Una buona notizia sul fronte della produzione nel settore moda arriva da Missoni, marchio storico del Made in Italy che si è ora alleato con ACBC, una start-up meneghina esperta nella produzione di calzature sostenibili. Le nuove sneakers in questione sono caratterizzate da elementi iconici del knit missoniano ma, soprattutto, sono realizzate con materiali ricavati dagli scarti di grano e riciclo di bottiglie di plastica, garantendone così la circolarità.
Il mercato delle sneakers è uno dei settori più attivi e redditizi della moda, con ricadute sull’ambiente però straordinariamente negative.
Le cifre sono impressionanti: 4,3 miliardi di paia di sneakers sono state immesse sul mercato nel solo 2019. In pratica 66 milioni di calzature ogni giorno. Questa produzione è responsabile di un quinto dell’impatto ambientale dell’intera industria della moda e genera l’1,4% delle emissioni globali di carbonio riversate sul pianeta. La stragrande maggioranza delle calzature prodotte finisce in discarica, dove si assestano componenti di derivazione petrolchimica, come l’etilene vinil acetato, sostanza che impiega secoli a degradarsi.
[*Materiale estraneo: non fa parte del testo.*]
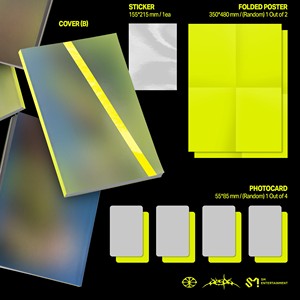 Segundo álbum completo de aespa [LEMONADE] (Versión LEMONADE) Tarjeta Fotográfica de Álbum K-POP SM - Product Image 2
Dietro l’accordo stipulato tra Missoni e ACBC c’è dunque anche la pressione a cui tutti i marchi moda sono sottoposti per fare sempre meglio e sempre di più questa direzione.
Nike, marchio leader in questo tipo di produzione a partire dal 2019, utilizza materiali riciclati nel 76% dei suoi prodotti. A partire dallo scorso 26 febbraio, ha poi proposto la collezione Cosmic Unity prima vera incursione del gigante statunitense nell’abbigliamento sportivo sostenibile.
Anche la nuova Index.01 della francese Salomon è stata pensata a questo scopo. È costruita con due soli materiali: una tomaia in poliestere riciclato e un fondo in schiuma a base di poliuretano termoplastico che può essere in un secondo tempo macinato per riutilizzarlo nella costruzione di scarponi da sci alpino, settore dove Salomon è regina.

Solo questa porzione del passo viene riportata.